ACTIVITY » In the data below, the copy begins at the line containing "Screenshot de NBA 2K (ESP)" and runs through the last line; repeat those lines exactly, minus the pictures.

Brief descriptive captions
____

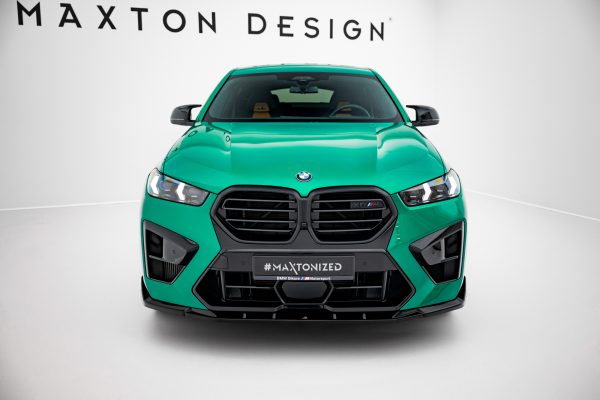 Frontleppe V.2 BMW X6 M F96 Facelift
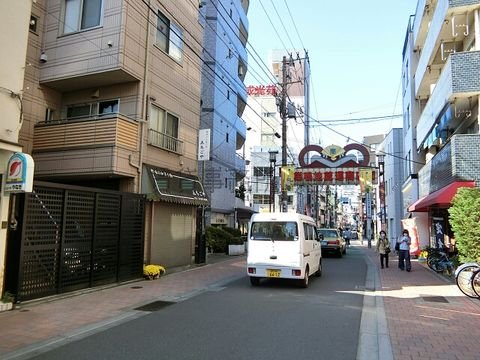 巣鴨地蔵通り商店街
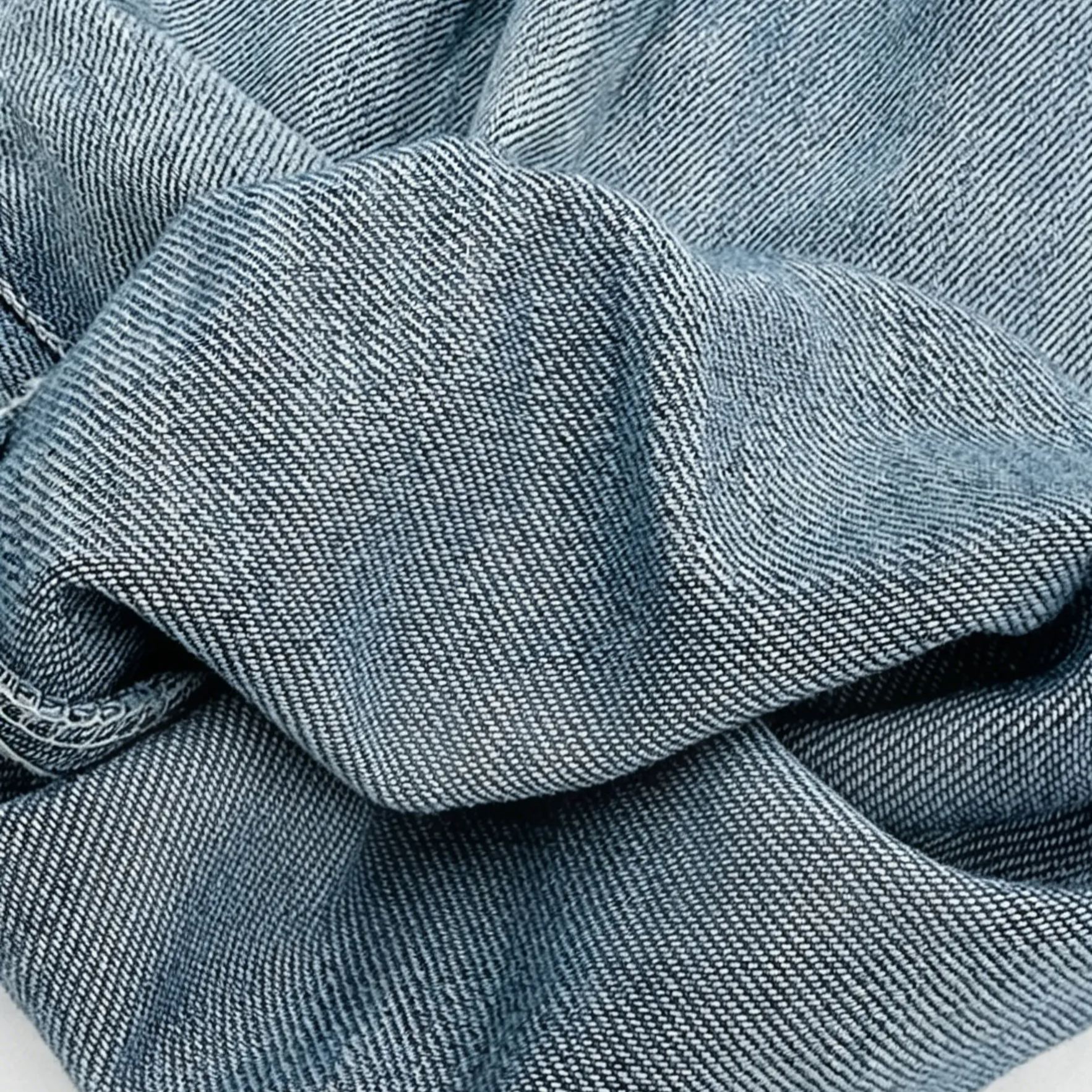 Baby Toddler Lace Trim Jogger Jeans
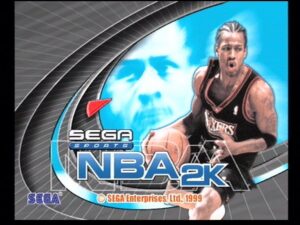 Screenshot de NBA 2K (ESP)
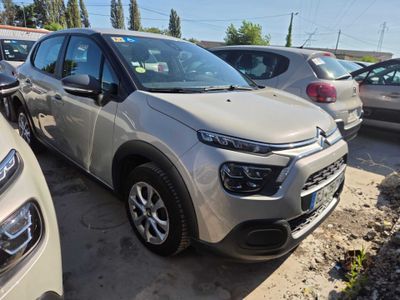 Citroën SX 1.0 Turbo Flex Flex 5 portes, boîte manuelle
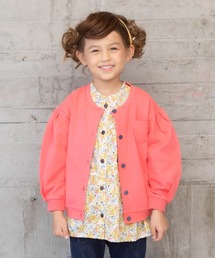 RAGMART | ミニ裏毛カーディガン(カーディガン/ボレロ)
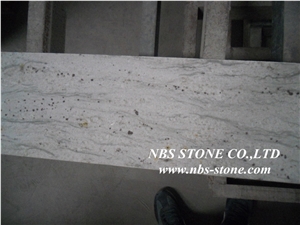 River White Granite Slabs& Tiles,India White Granite Floor Covering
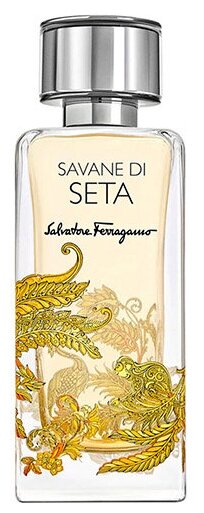 Парфюмерная вода Salvatore Ferragamo Savane di Seta 50 мл.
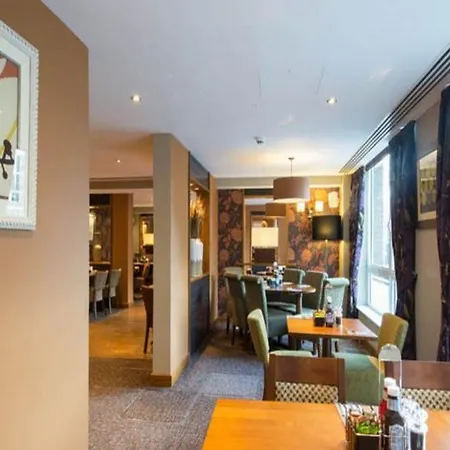 Premier St.pancras Hotel 3*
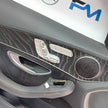 MERCEDES BENZ C-CLASS  W205 PASSENGER SIDE FRONT DOOR ( NEAR SIDE FRONT ) FM04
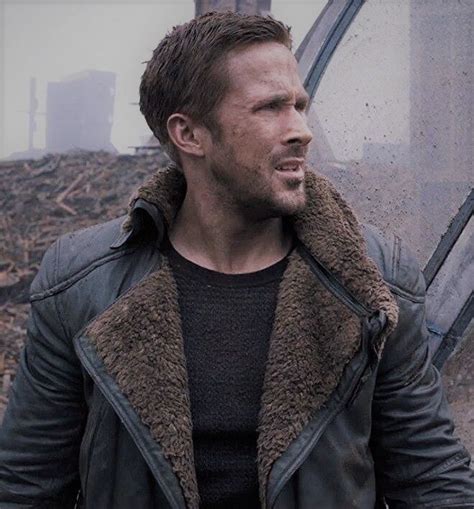 Ryan Gosling Blade Runner 2049 Coat Aspire Leather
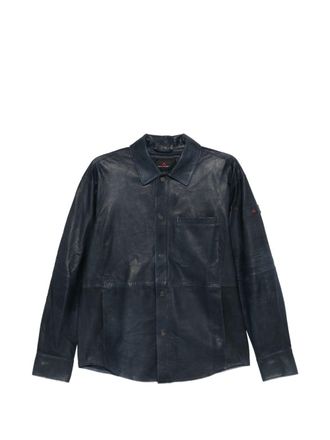Peuterey Todd Lederjacke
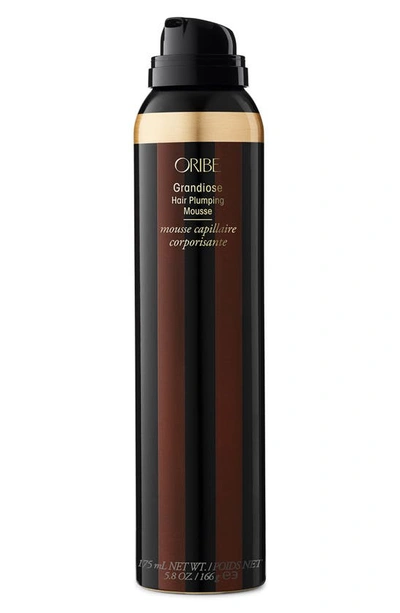 Shop Oribe Grandiose Hair Plumping Mousse, 5.7 oz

____

RESPONSE TO THE TASK »
 Screenshot de NBA 2K (ESP)
 Citroën SX 1.0 Turbo Flex Flex 5 portes, boîte manuelle
 RAGMART | ミニ裏毛カーディガン(カーディガン/ボレロ)
 River White Granite Slabs& Tiles,India White Granite Floor Covering
 Парфюмерная вода Salvatore Ferragamo Savane di Seta 50 мл.
 Premier St.pancras Hotel 3*
 MERCEDES BENZ C-CLASS  W205 PASSENGER SIDE FRONT DOOR ( NEAR SIDE FRONT ) FM04
 Ryan Gosling Blade Runner 2049 Coat Aspire Leather
Peuterey Todd Lederjacke
 Shop Oribe Grandiose Hair Plumping Mousse, 5.7 oz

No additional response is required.